Total Solar Eclipse (August 21, 2017)
I first learned of the total solar eclipse that would sweep across the United State on August 21, 2017 while visiting Colin and Trish Rodgers at their home in northern England during the spring of 2016.
“We are definitely going,” said Colin, who has friends in Billings, Montana.
We thought about meeting them in Wyoming. After all if they were traveling all the way from England to see this sight, surely we could drive under 2000 miles round trip from Albuquerque. It was Colin’s compelling description, however, that made up my mind, “The sky was so black that you could see the planets from Mercury to Jupiter in a line going through the sun. And there was a 360 degree “sunrise” around the horizon.” This was like no eclipse I’d previously seen. It would also be an opportunity to visit Kent’s home town of Sheridan, Wyoming, and to connect with several friends and relatives along the way.

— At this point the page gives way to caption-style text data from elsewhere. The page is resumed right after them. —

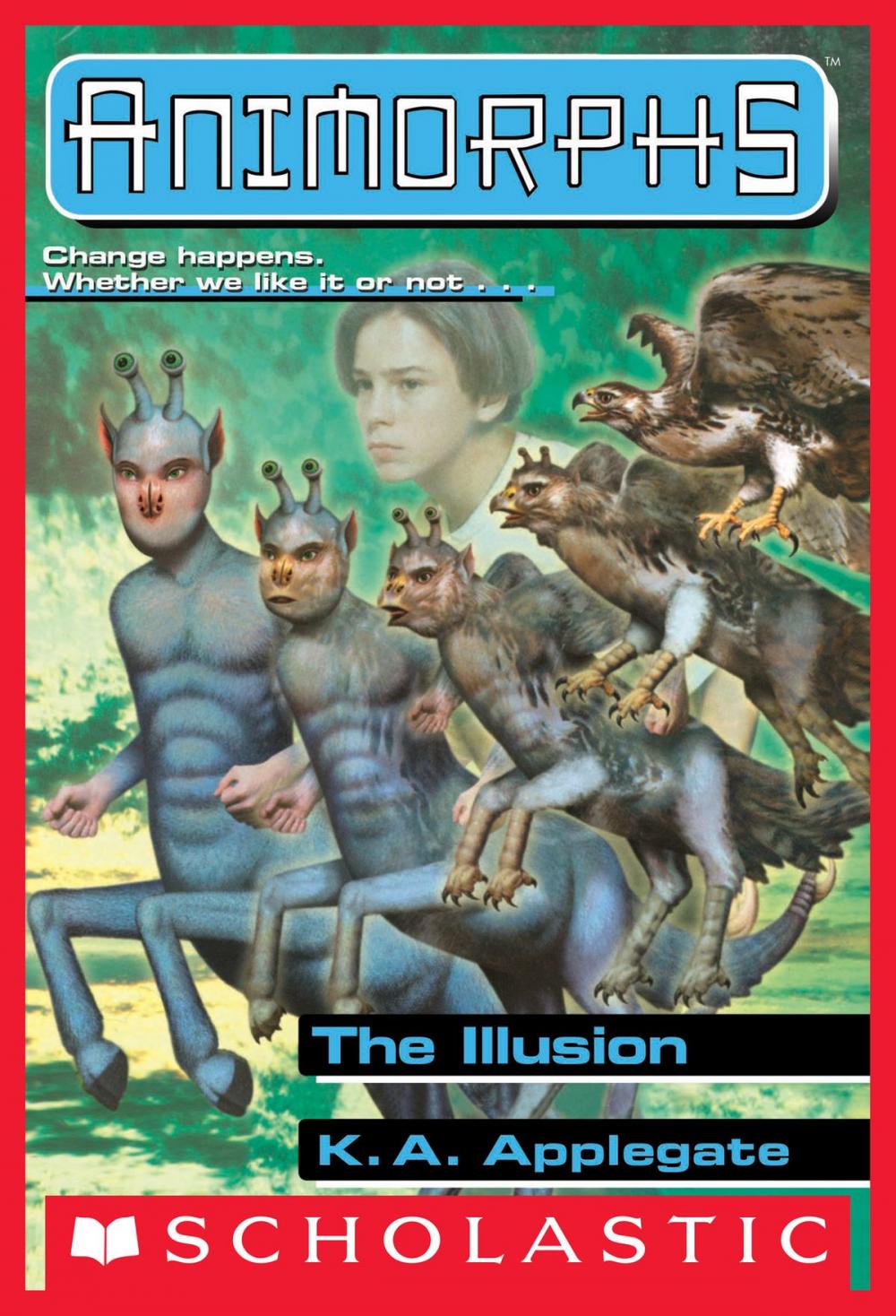 Big bigCover of The Illusion (Animorphs #33)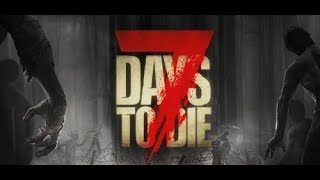 7 days to die ２回目～ミニバイクを作ろう～　PC版　参加可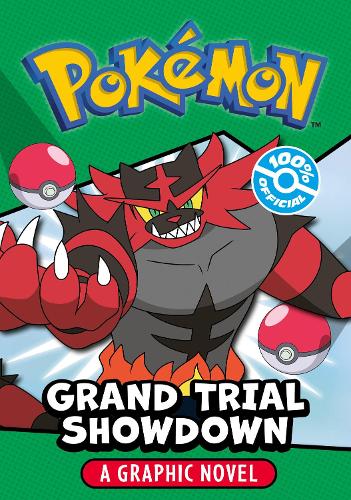 HarperCollins Publishers Pokémon Grand Trial Showdown Graphic Novel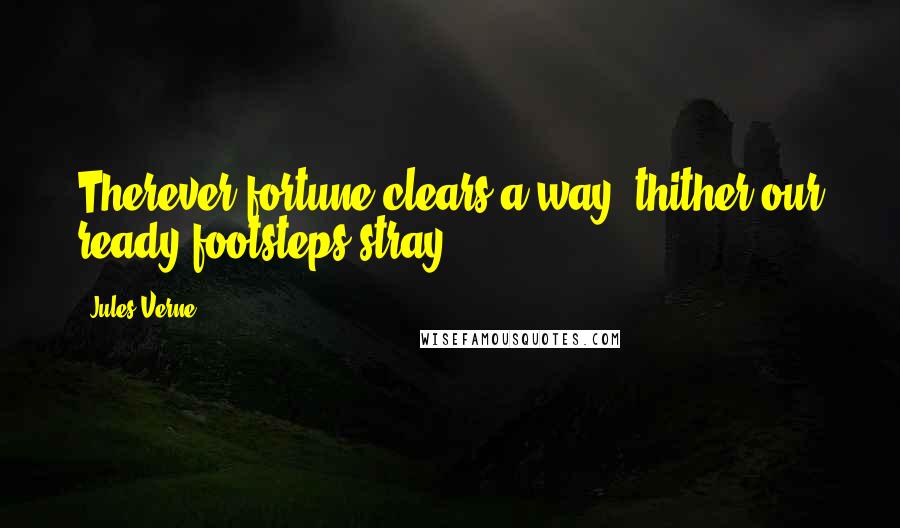 Jules Verne Quotes: Therever fortune clears a way, thither our ready footsteps stray.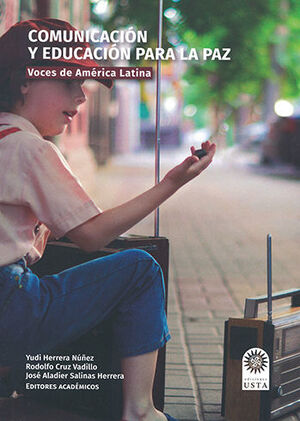 [9789587825411] COMUNICACIÓN Y EDUCACIÓN PARA LA PAZ - 1.ª ED. 2022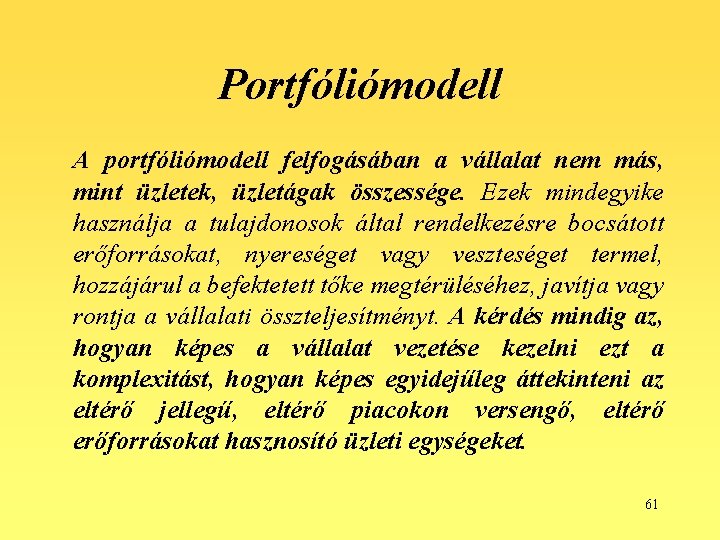 Portfóliómodell A portfóliómodell felfogásában a vállalat nem más, mint üzletek, üzletágak összessége. Ezek mindegyike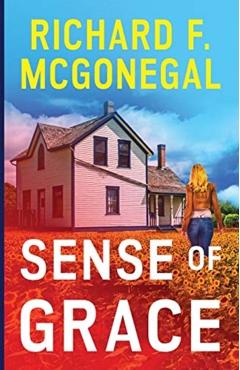 Sense of Grace - Richard F. Mcgonegal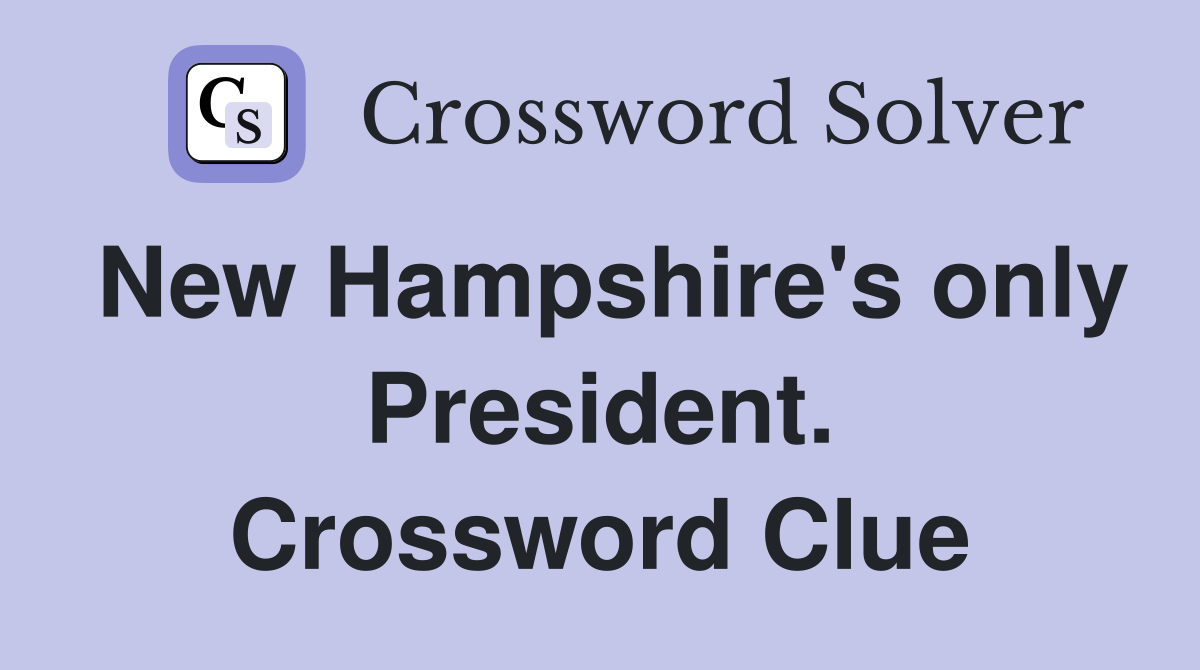 New Hampshire's only President. Crossword Clue
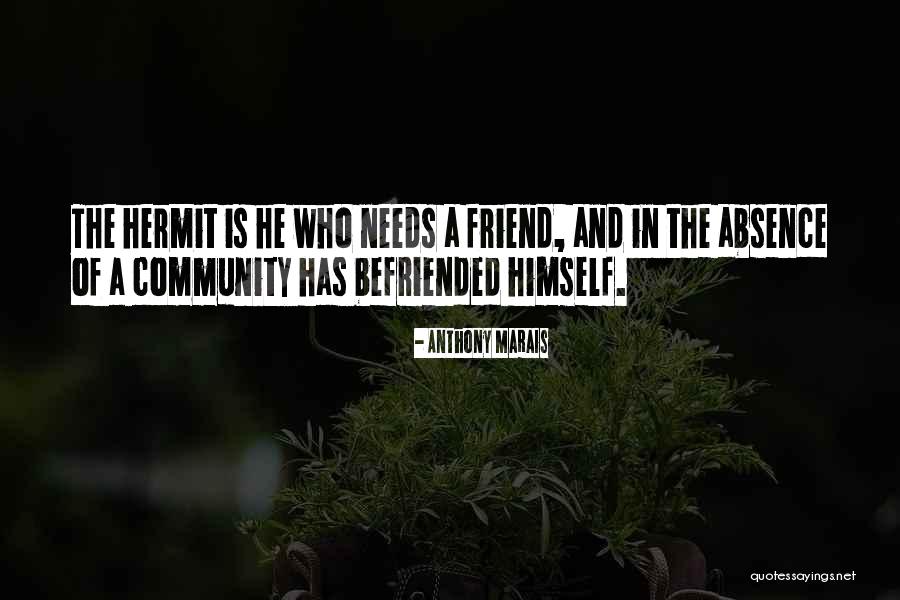 Community Quotes Quotes By Anthony Marais Community Quotes Quotes By Anthony Marais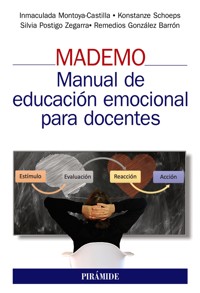MADEMO. Manual de educación emocional para docentes - Inmaculada Montoya-Castilla - ebook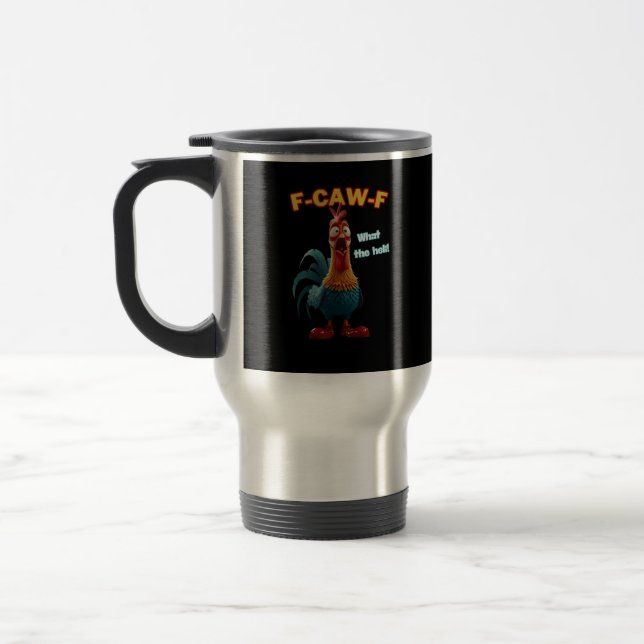 Taza De Viaje Funny Chicken F-Caw-F Poultry Humor Tee (Izquierda)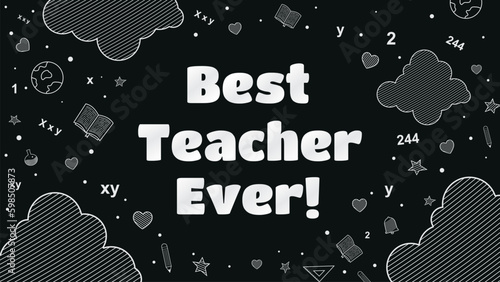 Happy teachers' day. Background with chalk doodle concept on blackboard, reflecting creativity and dedication of teachers in building the future of young generation through education.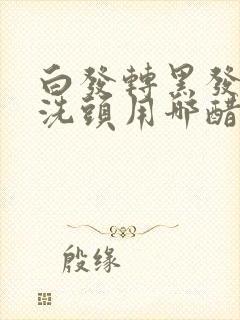 白发转黑发用醋洗头用哪醋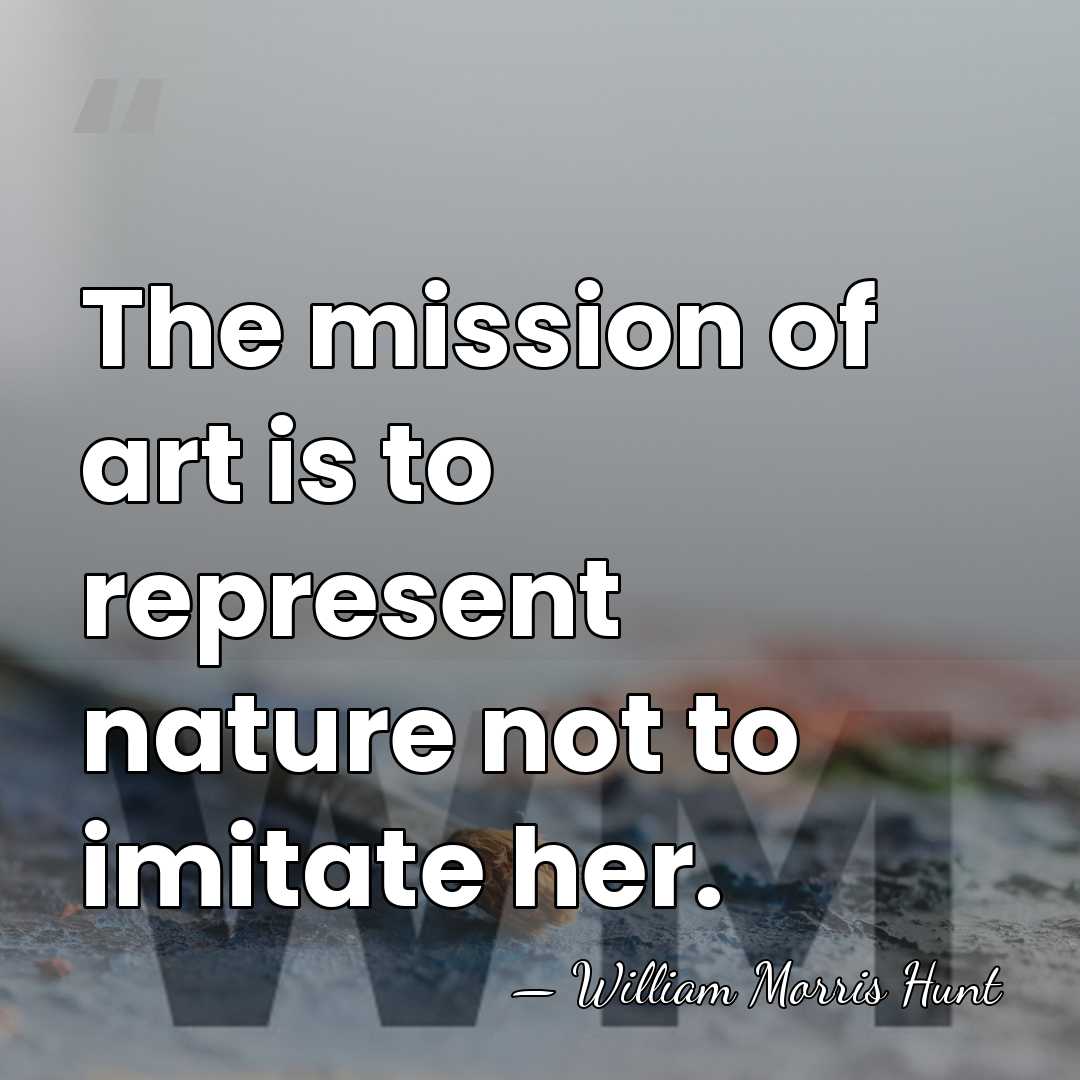 The mission of art is to represent nature not to imitate her. - William Morris Hunt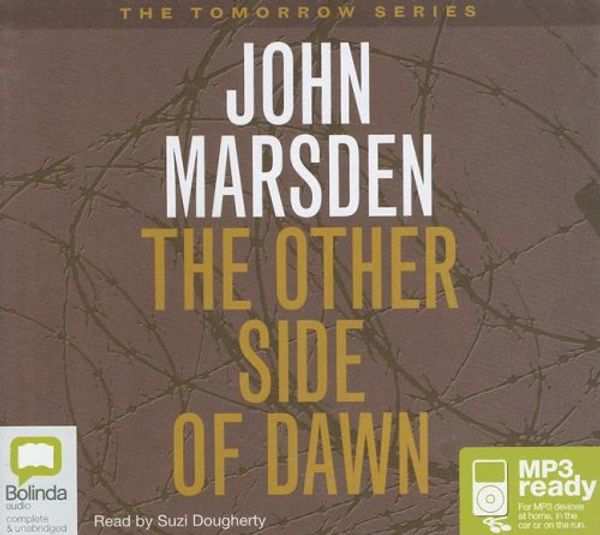 Cover Art for 9781921415357, The Other Side of Dawn by John Marsden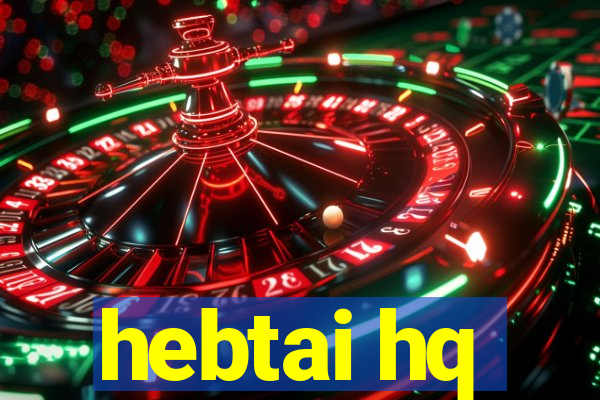 hebtai hq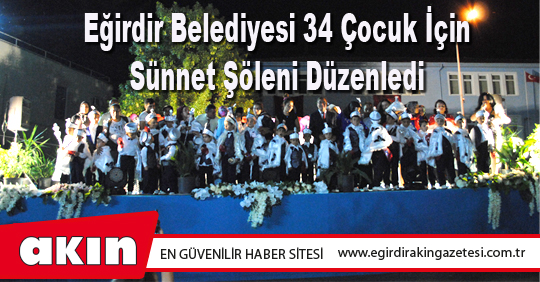 Eğirdir Belediyesi 34 Çocuk İçin Sünnet Şöleni Düzenledi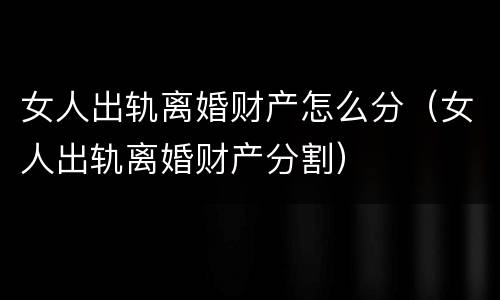 女人出轨离婚财产怎么分（女人出轨离婚财产分割）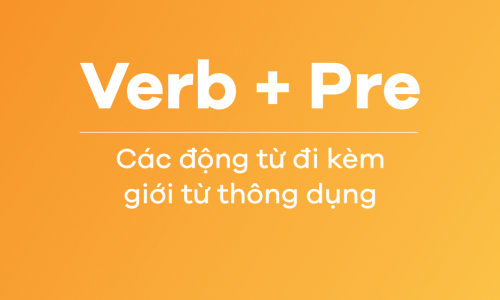 Verb + Pre và Các động từ đi kèm giới từ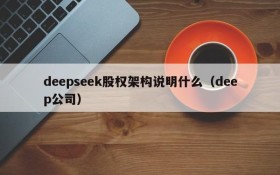 deepseek股权架构说明什么(deep公司)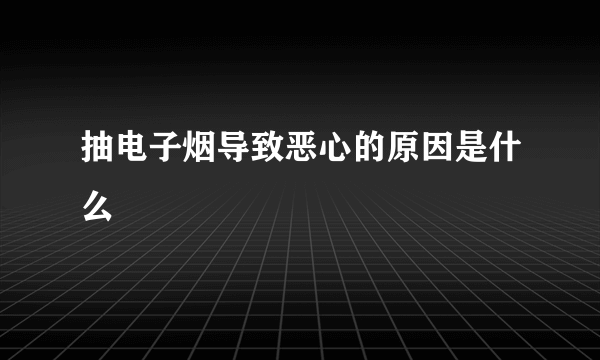 抽电子烟导致恶心的原因是什么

By this time, motel rooms, if available, were going for as much as $1,000 per night in small towns along the eclipse path, and impromptu campsites were advertised on the internet for a mere $75 per night for a few square feet of parking space without water or toilets. However, musical entertainment and pit barbecue dinners were mentioned as possible perks. No thanks!
Colin and Trish were planning to drive the 220 miles from Billings the morning of the eclipse, departing at “Albuquerque balloon fiesta hours,” and to make the return trip the same day. Kent contacted his friend Dick in Sheridan, who had a cabin in the Bighorn Mountains. Yes, despite ill health in the family, we could stay in the cabin for a few nights.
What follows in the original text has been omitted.